In this section, we'll change the current working directory to be the parent directory of the GitHub repository in order to see the data and the Python scripts for rendering pandas DataFrames for analysis.

In [12]:
chdir("../..")

In [16]:
data_path = getcwd() + "/data/sas_to_pandas/raw/wages"

In [17]:
listdir(data_path)

['OH_OEWS_21.csv', 'raw', 'Wages_Table_Final.csv']

In [21]:
from src.sas_to_pandas.cleaning_raw_data import knowledge_wide, work_activity_wide, work_context_wide, job_zones_2

### 3. Performing Joins on DataFrames

In this section, we utilize the above DataFrames and join them together into a single DataFrame.

In [23]:
## Merge Function
def merge_frames(frames: list, cols_to_join=['SOC_Code']) -> type(knowledge_wide):
    # Join the DataFrames
    result = frames[0]
    for i in range(1, len(frames)):
        result = result.merge(frames[i], on=['SOC_Code'], how='inner')

    return result


# Duplicate Filter Function
def find_duplicate_cols(df):
    # Find Duplicate Columns
    duplicate_cols = []

    for col in df.columns.tolist():
        if '_x' in col:
            duplicate_cols.append(col)
        elif '__x' in col:
            duplicate_cols.append(col)
        elif '_y' in col:
            duplicate_cols.append(col)
        elif '__y' in col:
            duplicate_cols.append(col)
        else:
            continue
    return duplicate_cols

# Keep the Title column
def create_col(df, col: str):

    # Find all columns that contain your input col string
    cols = [elem for elem in df.columns.tolist() if col in elem]

    # Secondary DataFrame
    secondary_df = df[cols]

    # Rename Columns
    secondary_df.columns = [f"col_{i+1}" for i in range(secondary_df.shape[1])]
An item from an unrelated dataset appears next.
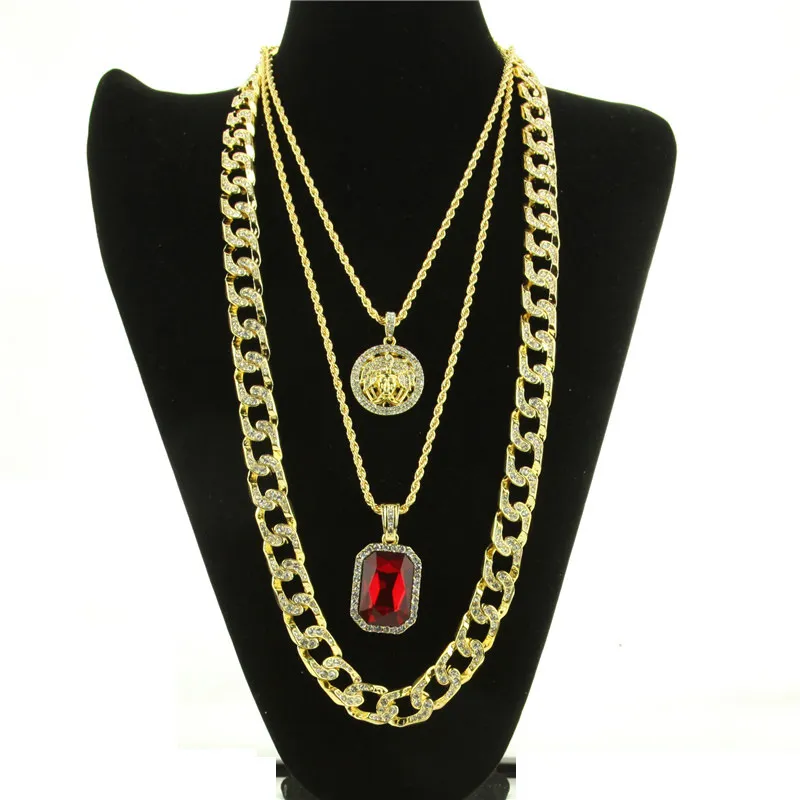 Mens Hip Hop Halsband Ruby Pendant Halsband Fashion Cuban Link Chain Jewelry 3st Set2404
    # Generate a Series of Cardinality Values for the Above Columns
    cardinality_series = secondary_df.nunique()

    # Choose the record that has the maximum value for cardinality
    cardinality_record = cardinality_series[cardinality_series == max(cardinality_series.values)]
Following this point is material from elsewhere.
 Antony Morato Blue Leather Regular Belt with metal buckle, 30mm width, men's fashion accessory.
    # Select the col corresponding to the above record
    selected_col = cardinality_record.index[0]

    # Save the Series from the above col
    saved_series = secondary_df[selected_col]

    # Remove the cols
    df.drop(cols, axis=1, inplace=True)

    # Create the new column
    df[col] = saved_series.tolist()

    return df

In [24]:
# Setting Frame Order
## Joins
frame_order = [knowledge_wide, work_activity_wide, work_context_wide, job_zones_2]

# Applying the Functions
result_df = create_col(merge_frames(frame_order), 'Title')

## Reorder the Columns
result_cols = ['SOC_Code', 'Title'] + sorted(result_df.columns.tolist()[1:-1])
result_df = result_df[result_cols]

In [25]:
result_df.shape

(873, 134)